= Rancho Agua Caliente (Sonoma County) =

Historic rancho in Sonoma County, California

Rancho Agua Caliente was a 3219 acre Mexican land grant in present day Sonoma County, California given in 1840 by Governor Juan Alvarado to Lázaro Piña (often misspelled as "Pena" in historical documents). The name means "warm water" and refers to the hot springs in the area. The grant extended two and one half leagues to the north of Sonoma and was one quarter league wide, and included present day Glen Ellen, Fetters Hot Springs, and Agua Caliente.

==History==
Lázaro Piña (d. 1847), a soldier who had come to California in 1819. In 1829, Lazaro joined the military revolt of Joaquín Solis. against Governor Echeandía. In 1838, Piña came under the command of General Mariano Vallejo in Sonoma. By 1840, Vallejo's staff consisted of Colonel Victor Prudon, Major José de los Santos Berreyesa, and Alfarez (second lieutenant) Lázaro Piña. Lázaro Piña and his wife, Maria Placida Villela (d.1844) were the parents of six sons (Jesus(b. 1826), José German Pina (1829–1847), Francisco(b. 1831), Antonio(1831–1853), Luis(b. 1834)) and one daughter, Clara (b. 1836). José German Pina was the grantee of Rancho Tzabaco. When Villela died in 1844, Lázaro married, Maria Ignacia Pacheco. Lázaro left California soon after the beginning of the Mexican-American War and was killed fighting on the Mexican side at the Battle of Cerro Gordo in 1847.

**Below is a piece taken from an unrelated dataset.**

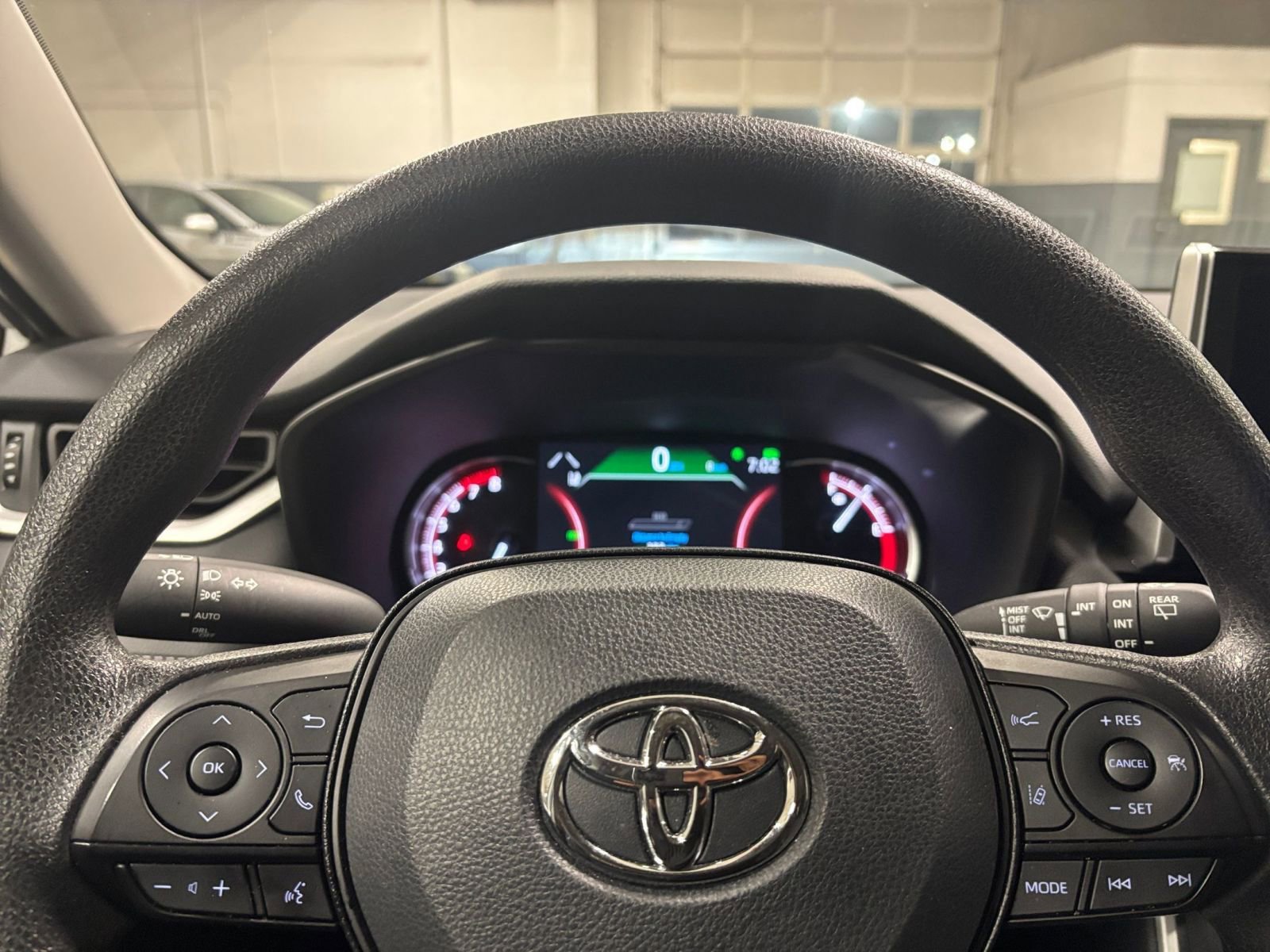 Thumbnail: 2025 Toyota RAV4 - 28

With the cession of California to the United States following the Mexican-American War, the 1848 Treaty of Guadalupe Hidalgo provided that the land grants would be honored. As required by the Land Act of 1851, a claim for Rancho Agua Caliente was filed by Mariano G. Vallejo with the Public Land Commission in 1853, but the Commission rejected the claim for lack of any proof, either of the original grant or of the alleged conveyance from Piña to Vallejo. On appeal in 1861, the US Supreme Court confirmed the grant to Vallejo and the grant was patented at 1864 acre in 1880.

A claim was filed by C.P. Stone with the Land Commission in 1853 and was patented at 212 acre in 1880.

After the Mexican-American War Joseph Hooker retired from the United States Army and bought a part of the rancho in 1853. A claim was filed by Joseph Hooker with the Land Commission in 1853 and was patented at 551 acre in 1866.

Vallejo sold part of the rancho to Thaddeus M. Leavenworth, a Connecticut Episcopalian who was also a physician and druggist. Leavenworth arrived in San Francisco as chaplain of the 1st Regiment of New York Volunteers in March 1847. He was alcalde of San Francisco in 1848-49, but had difficulties with the military government and was removed from office. A claim was filed by Thaddeus M. Leavenworth with the Land Commission in 1853 and was patented at 592 acre in 1880.

In 1858, Colonel Charles V. Stuart, purchased part of the rancho and named his ranch Glen Ellen in honor of his wife, Ellen.

==Historic sites of the Rancho==
- Lachryma Montis. M. G. Vallejo moved from his Casa Grande to this estate on the edge of Sonoma in the early 1850s. He named it "Lachryma Montis" (weeping mountain) after a spring on the property.